Od grubych zakupów, do tych całkiem małych. Także różnych drobiazgów przemysłowych, sezonowych, z kategorii „dom i ogród”, „sport i turystyka”, itd. Nie mówiąc o ciuchach, a w dużym procencie, szmatach. Bo Chińczyk ubrał polskie społeczeństwo
Wystarczy tu przytoczyć (o czym każdy wie i w czym uczestniczy), czyli co się dzieje w naszych Centrach, Handlowych, Galeriach, hipermarketach Auchen, Leclercu, Careffour, Lidlu, Biedrze, obi, bazarach, dyskontach, składach, centrach chińskich. itd
Patrz zwłaszcza, sobota, 14.00 parkingi przy centrach.
Także portale, ol/x, all, aliexp… i tak dalej… Zakupowy szał ciał uprzęży. Non stop i coraz więcej
Co więc, jest grane z tą Chorwacją ?? „ Nieoczekiwana zmiana miejsc”. Bo w HR nagle, stop maszyna z zakupami, drobnymi zakupami.
Nagle, jak grom z jasnego nieba, spada na nas Niska skłonność do zakupów wszelakich… >>> Ciekawe
Czyli co ?? Cały towar nabyty jest w PL i przywieziony do HR, ?? włącznie z niebagatelnym segmentem żywnościowym w bagażniku.
A proste zakupy poza żywnościowe na miejscu w HR ??, Brak
A dlaczego tak jest ? \
A prawdopodobnie dlatego, bo jak wieść gminna niesie, Chorwacja jest pieruńsko droga i coraz droższa.
Nic się tam nie opłaca kupić. Włącznie z najprostszymi bzdetami przemysłowymi, sportowymi, plażowymi, etc.
Np. kupiliśmy sobie w kraju, jakieś badziewiaste buty do wody z super cenie 35 zł plus przesyłka 9,99 paczkomat … Ale biznes zrobiliśmy, że hoho … Bo w Decathlonie najtańsze 70 zł
A Chorwacja?? Oczywiście ceny zaporowe !!! Drogo !!! ... Buty do wody 10 euro. Ładnie pogadamy ze sprzedawcą, pójdą za 8 euro. ))
Ale Polacy mało biorą w Chorwacji takich rzeczy… Przecież w Chorwacji jest Drogo ….. ))….
Prawda, co mówili w tych internetach.
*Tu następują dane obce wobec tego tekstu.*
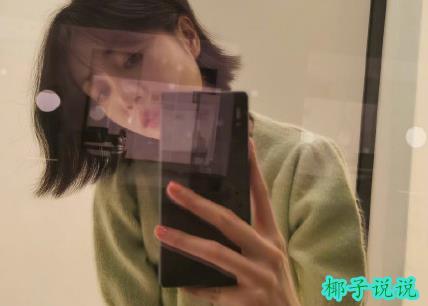 360截图20210623145622719.jpg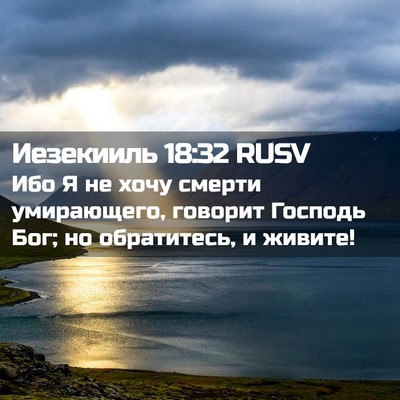 Picture 02 - Иезекииль 18:32 RUSV - Ибо Я не хочу смерти - Bible Verse Picture
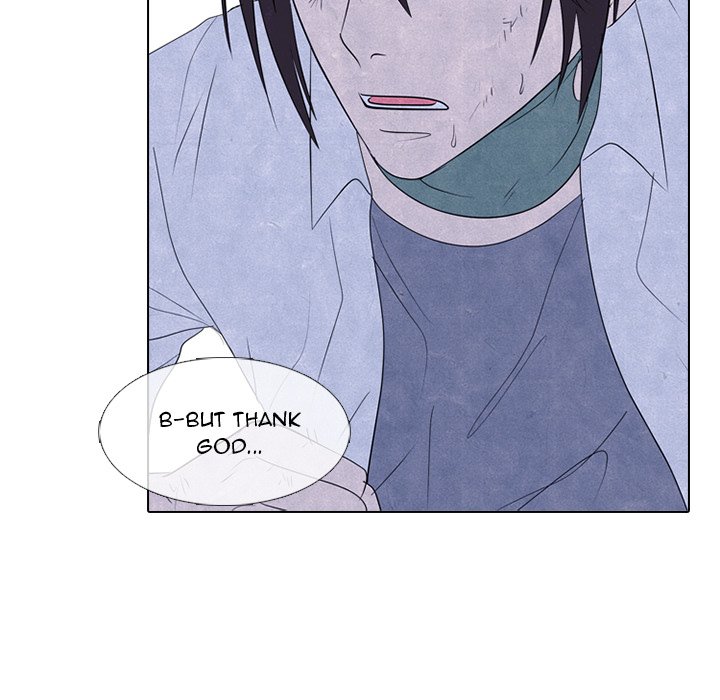 High School Devil chapter 280 page 83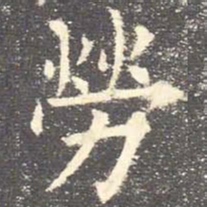 欧阳询劳书法图片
Drogie te różne rzeczy, w tej Chorwacji.. Murwa kać, żeby buty do wody kosztowały 10 euro, albo 8 euro )) Nie bierzemy … Drogo
….
Ale kurde, chyba wszyscy nasi turyści w Chorwacji są po podstawówce i umieją liczyć
Bo butki do wody w Chorwacji też kosztują ok. 35 złotych polskich (i to bez paczkomatu)…I wiele jest takich podobnych przypadków… Fifty fifty
Czyżby Magia waluty euro /// Jak w walucie euro to jest drogo…A jak w Polsce, w złotych to jest tanio ))
Nic tu nie wymyślam… Zasłyszana rozmowa w Omisiu o butach do wody … 10 euro, drogo !!, Nie bierzemy.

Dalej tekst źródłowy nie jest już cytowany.